Beginning of the year, while performing a migration from a Documentum 7.3 environment on VM to Documentum 16.4 on Kubernetes, a customer had an issue where their custom facets weren’t showing up on D2 after a full reindex. At the end of the migration, since xPlore has been upgraded as well (from xPlore 1.5 to 16.4, from VM to K8s), then a full reindex has been executed so that all the documents are indexed. In this case, it was several millions of documents that were indexed and it took a few days. Unfortunately, at the end of the full reindex, the customer saw that the facets weren’t working…
Why is that exactly? Well, while configuring custom facets, you will need to add subpath configuration for the facet computing and that is a schema change inside the index. Each and every schema change requires at the very least an online rebuild of the index so that the change of the schema is propagated into each and every node of the index. Unless you are doing this online rebuild, the xPlore index schema will NOT be refreshed and the indexing of documents will therefore use the old schema.

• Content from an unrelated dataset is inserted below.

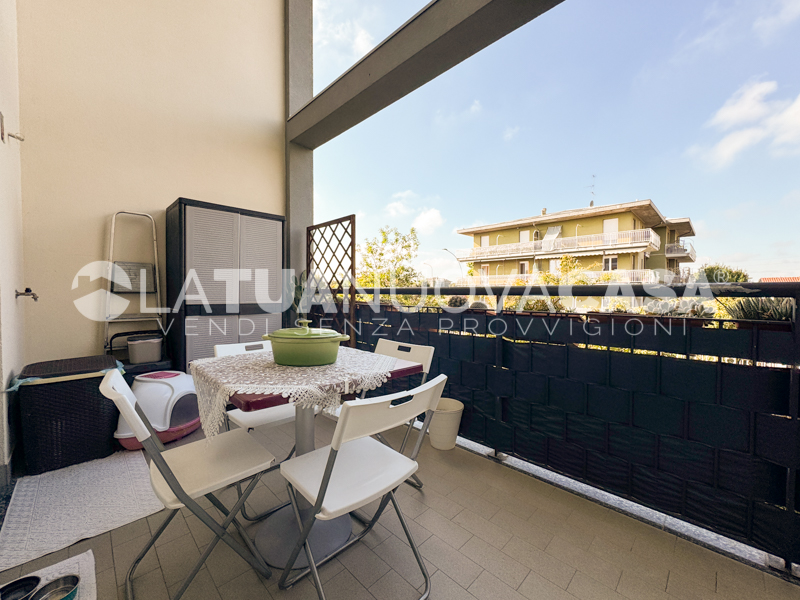 Trilocale duplex con terrazzo, cantina e box a Bareggio - Rif. VEBRG1107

In case you are wondering what is the “online rebuild” I’m talking about, it’s the action behind the button “Rebuild Index” that you can find in the Dsearch Admin UI under “Home >> Data Management >> <DOMAIN_NAME> (usually Repo name) >> <COLLECTION_NAME> (e.g.: default or Node1_CPS1 or Node4_CPS2 …)“:
This action will not index any new content, it will however create a new index based on the refreshed schema and then copy all the nodes from the current index to the new one. At the end, it will replace the current index with the new one and this can be done online without downtime. This button was initially present for both Data collections (where your documents are) as well as ApplicationInfo collections (ACLs, Groups). However in recent versions of xPlore (at least since 16.4), the feature has been removed for the ApplicationInfo collections.
So, what is the minimum required to configure custom facets? The answer is that it depends… :). Here are some examples:
- If the xPlore has never been started, the index doesn’t exist yet and therefore configuring the facets inside the indexserverconfig.xml file would take effect immediately at the first startup. In this case, an online rebuild wouldn’t even be needed. However, it might not always be easy to modify the indexserverconfig.xml file before xPlore even starts; it depends on how you are deploying the components…

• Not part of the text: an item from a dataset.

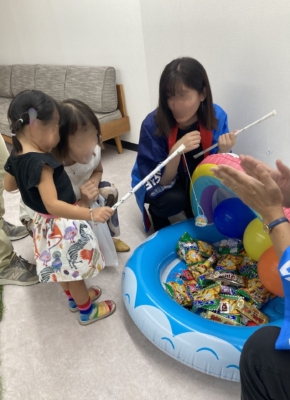 お菓子を釣っている様子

- If the xPlore has been started at least once but indexing hasn’t started yet (0 content inside the Data collections), then you can just login to the Dsearch Admin UI and perform the online rebuild on the empty collections. This will be almost instantaneous so you will most probably not even see it happen though.
- If this is a new environment, then make sure the IndexAgent is started in normal mode after that so that it will process incoming indexing requests and that’s it
- If this is an existing environment, then you will need to execute a full reindex operation using your preferred choice (IndexAgent full reindex action, through some select queries, through the ids.txt)

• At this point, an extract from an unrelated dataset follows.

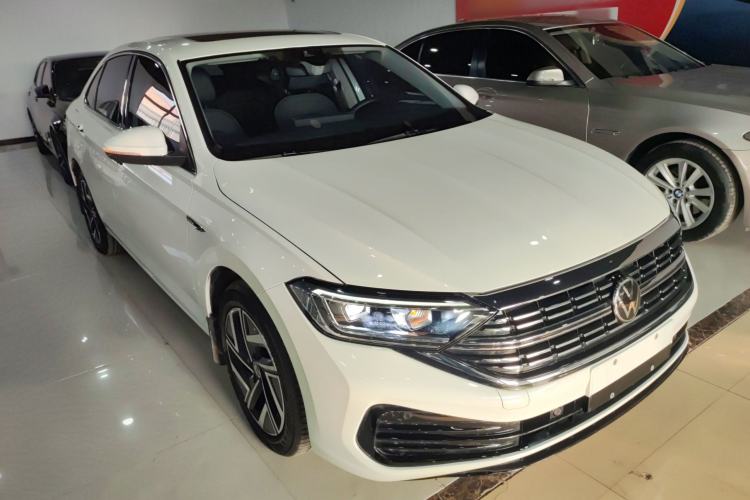 Used Volkswagen Sagitar 2023 200TSI DSG Excellence Edition Front Right 45 Deg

- If the xPlore has been started at least once and the indexing has been completed, then you will need to perform the online rebuild as well. However, this time, it will take probably quite some time because as I mentioned earlier, it needs to copy all the indexed nodes to a new index. This process is normally faster than a full reindex because it’s only xPlore internal communications, because it only duplicates the existing index (and applied schema change) and because there is no exchange with the Content Server. Once the online rebuild has been performed, then the facets should be available.
Even if an online rebuild is faster than a full reindex, based on the size of the index, it might still take from hours to days to complete. It is therefore quite important to plan this properly in advance in case of migration or upgrade so that you can start with an online rebuild on an empty index (therefore instantaneously done) and then perform the needed full reindex after, instead of the opposite. This might save you several days of pain with your users and considerably reduce the load on the Dsearch/CPS.
This behavior wasn’t really well documented before. I had some exchange with OpenText on this topic and they created the KB15765485 based on these exchanges and also based on what is described in this blog. I’m not sure if that is really better now but at least there is a little bit more information.